• Entries provided:

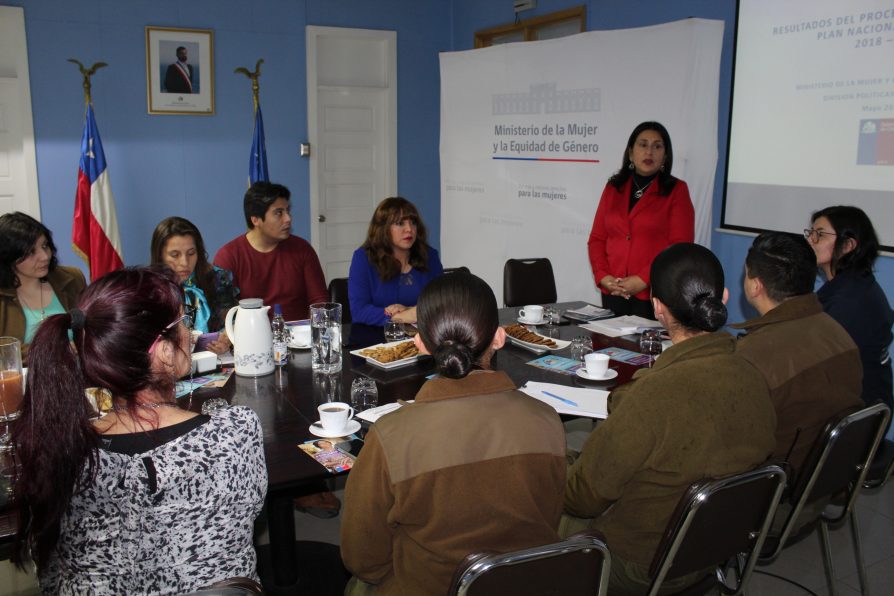 Con la participación de distintas organizaciones de mujeres e instituciones, comenzó el proceso de devolución de la actualización del Plan de Igualdad en Puerto Natales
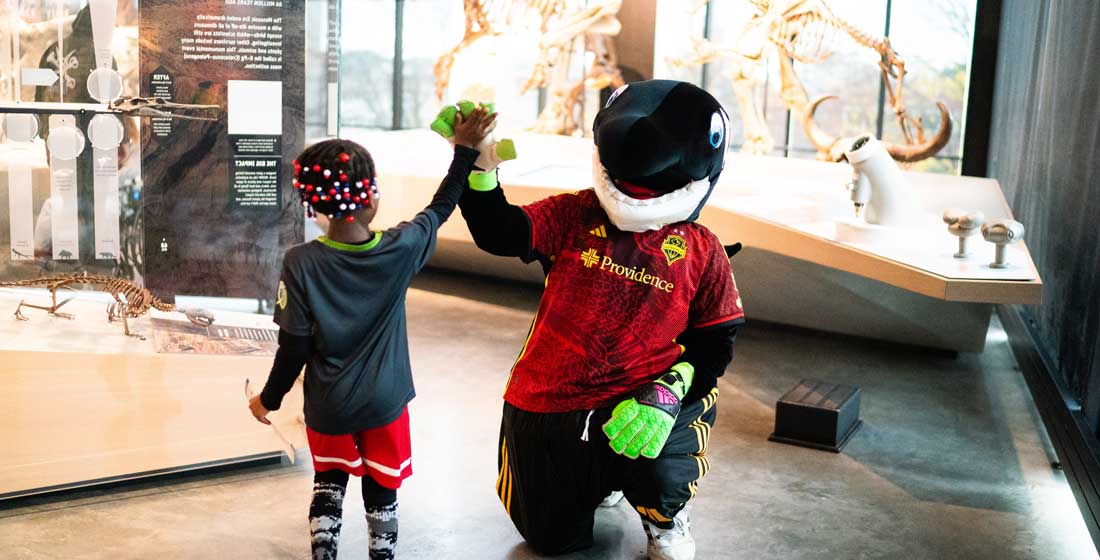 a kid high fives sammy the sounder at sounders fc day at the burke museum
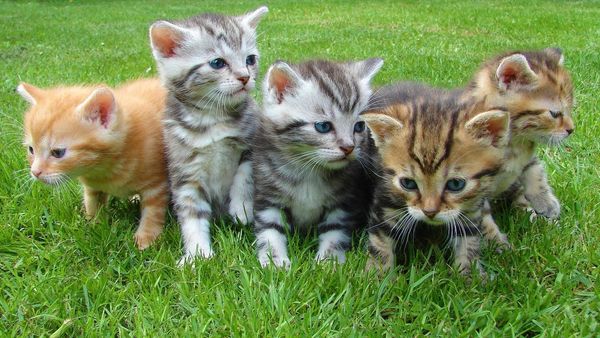 Ketahui Cara Menjaga Kesehatan Kucing Peliharaan Agar Tak Rentan Sakit Saat Pancaroba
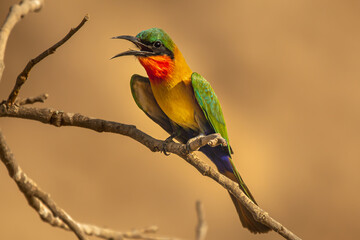 Colorful red-throated bee-eater - Merops bulocki - perched with open beak with dark yellow background. Picture from Janjabureh in the Gambia.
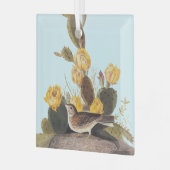 Audubon Vesper Sparrow en Prickly Pear Cactus Glas Ornament (Voorkant links)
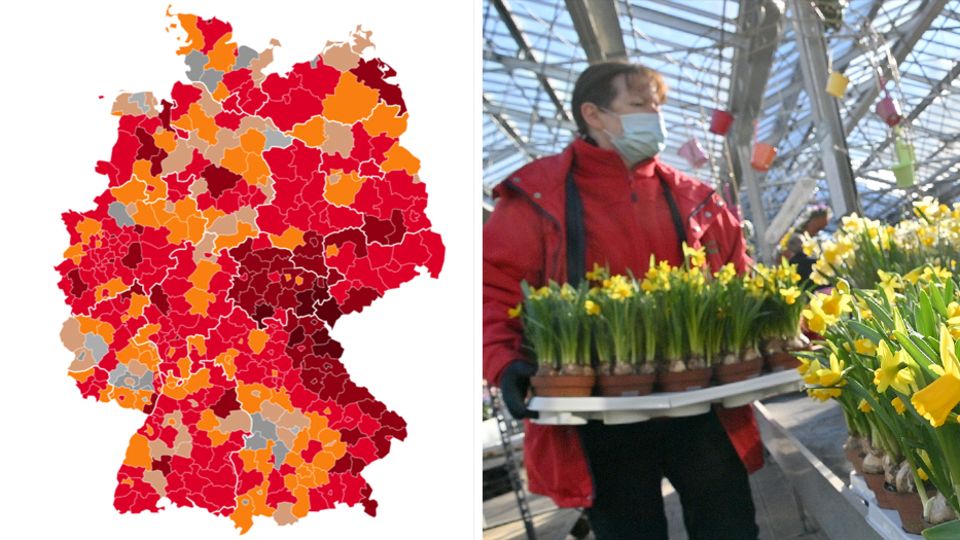 Nachrichten aus Deutschland: Einbrecher stehlen 242 iPads aus Berliner Schule Nachrichten aus Deutschland: Einbrecher stehlen 242 iPads aus Berliner Schule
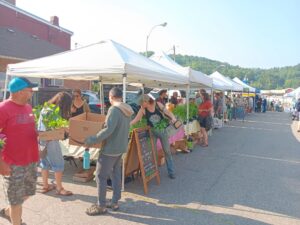 Cover photo for Have You Checked Out the Yancey County Farmers Market Recently?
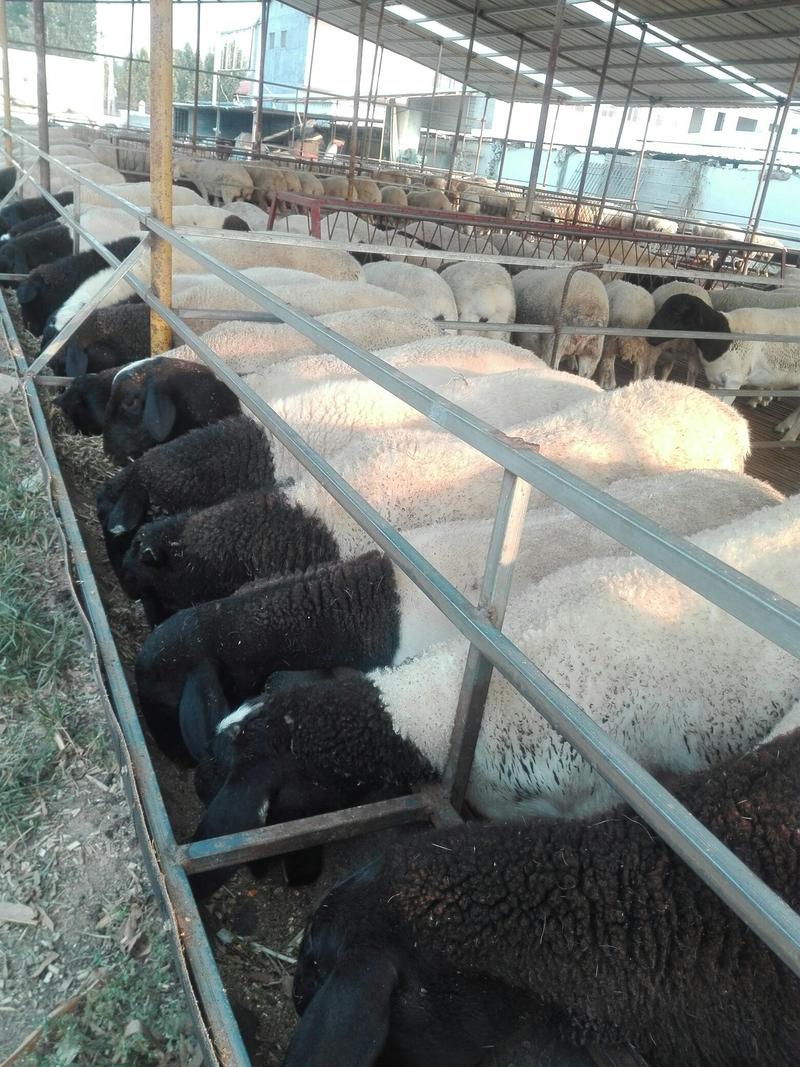 厂家直售纯种小尾寒羊，种羊，孕羊，质量好，包送货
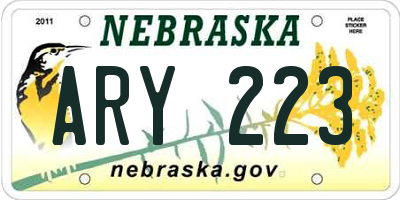 NE license plate ARY223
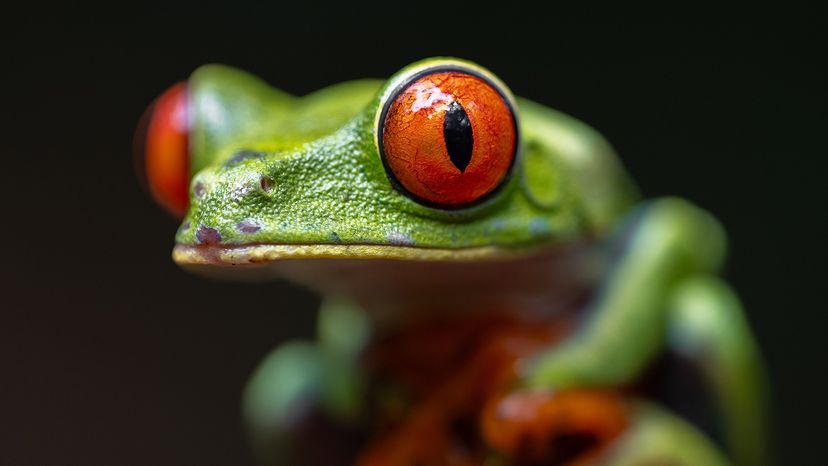 Red-eyed tree frog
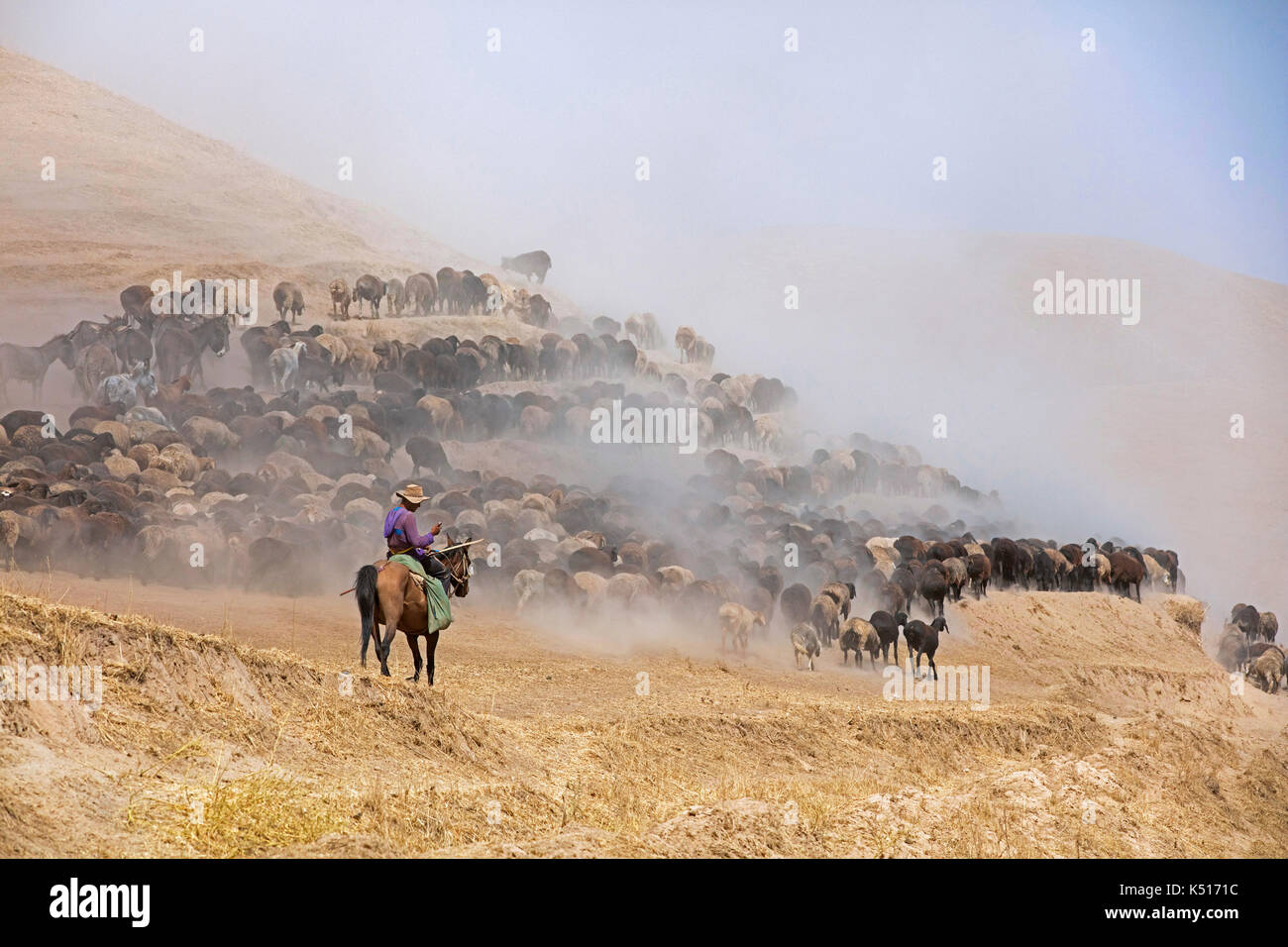 Jungen tadschikischen Hirten auf dem Pferderücken lesen Smartphone während Herding Herde von Schafen und Esel in der Wüste, auf dem Pamir Highway in Tadschikistan Stockfoto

• Prompt:
Reproduce every line of the data above, exactly as it stands, but not the pictures.

• Task result:
 Con la participación de distintas organizaciones de mujeres e instituciones, comenzó el proceso de devolución de la actualización del Plan de Igualdad en Puerto Natales
 a kid high fives sammy the sounder at sounders fc day at the burke museum
 Ketahui Cara Menjaga Kesehatan Kucing Peliharaan Agar Tak Rentan Sakit Saat Pancaroba
 Colorful red-throated bee-eater - Merops bulocki - perched with open beak with dark yellow background. Picture from Janjabureh in the Gambia.
 Audubon Vesper Sparrow en Prickly Pear Cactus Glas Ornament (Voorkant links)
 Nachrichten aus Deutschland: Einbrecher stehlen 242 iPads aus Berliner Schule Nachrichten aus Deutschland: Einbrecher stehlen 242 iPads aus Berliner Schule
 Cover photo for Have You Checked Out the Yancey County Farmers Market Recently?
 厂家直售纯种小尾寒羊，种羊，孕羊，质量好，包送货
 NE license plate ARY223
 Red-eyed tree frog
 Jungen tadschikischen Hirten auf dem Pferderücken lesen Smartphone während Herding Herde von Schafen und Esel in der Wüste, auf dem Pamir Highway in Tadschikistan Stockfoto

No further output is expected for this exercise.